*TASK ITEM*: Range to copy from the entries below: the line containing "Fototapeta na wymiar" through the line containing "Spacious home featuring", inclusive. Retype only those lines, exactly, without any images.

*PROVIDED DATA*:
===

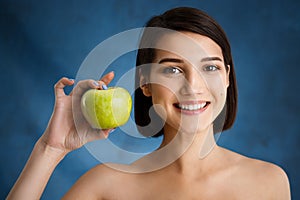 Close up portrait of tender young girl holding apple over blue background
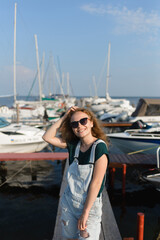 Fototapeta na wymiar A smiling girl with sunglasses is on the pier waiting for the boat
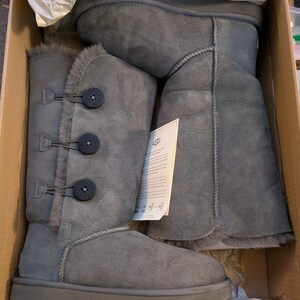 May include: A pair of grey mid-calf boots with three dark circular buttons on the side, featuring a soft interior lining and visible stitching. The boots are placed inside a cardboard box with a white UGG brand tag tucked into the side.
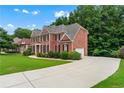 Spacious home featuring an expansive driveway and well-maintained yard at 871 Windsor Creek Dr, Grayson, GA 30017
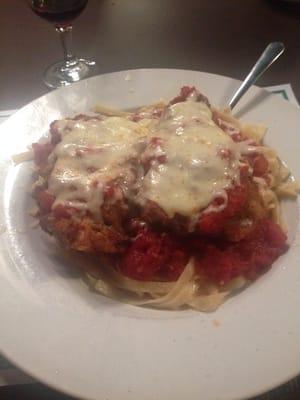 Veal parmesan over fettucini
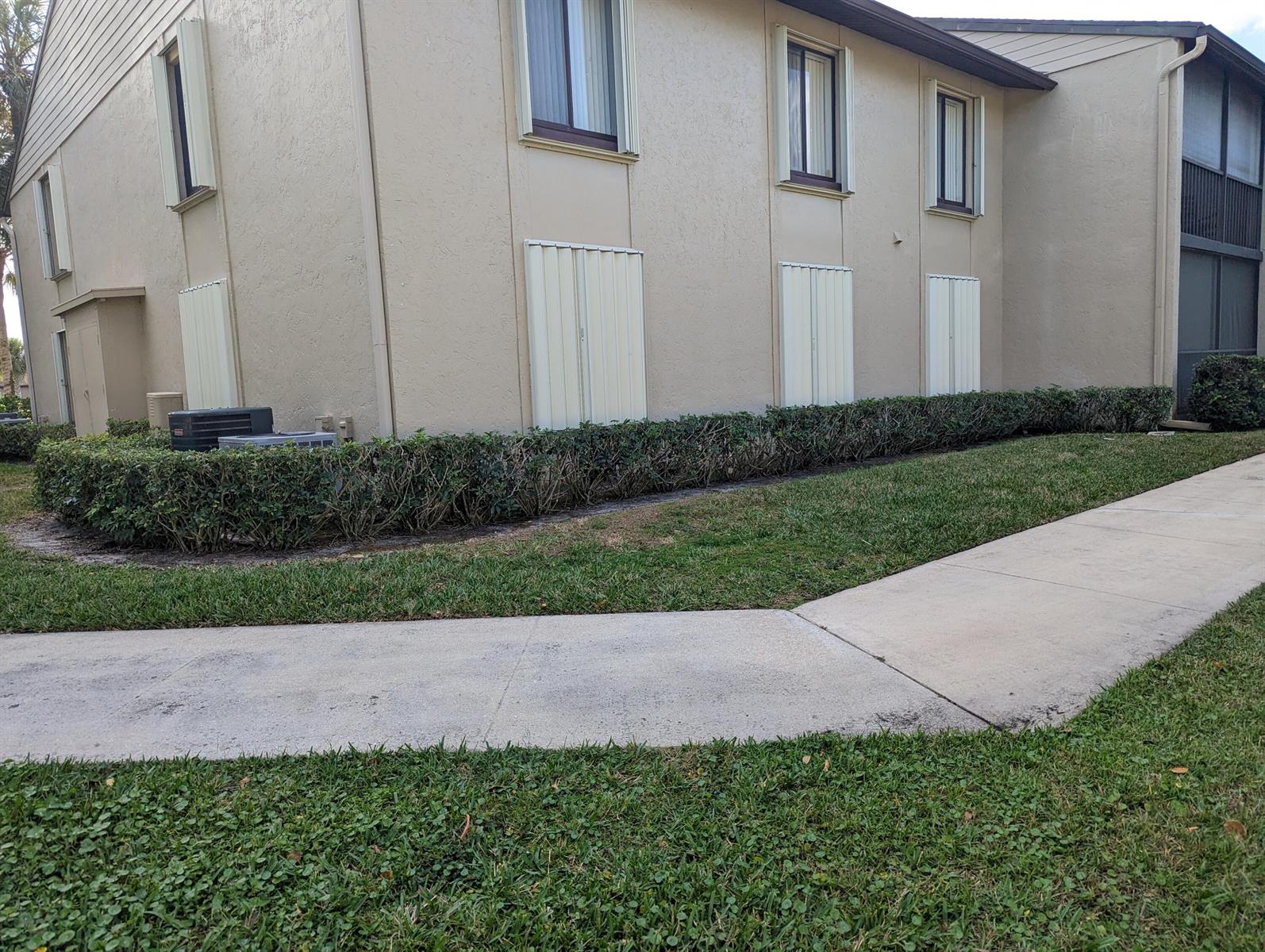 A beige multi-story apartment building exterior features a manicured hedge and a concrete walkway — 702 Sunny Pine Way # G1, FL 33415, FL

===

*EXERCISE ANSWER*:
 Fototapeta na wymiar A smiling girl with sunglasses is on the pier waiting for the boat
 May include: A pair of grey mid-calf boots with three dark circular buttons on the side, featuring a soft interior lining and visible stitching. The boots are placed inside a cardboard box with a white UGG brand tag tucked into the side.
 Spacious home featuring an expansive driveway and well-maintained yard at 871 Windsor Creek Dr, Grayson, GA 30017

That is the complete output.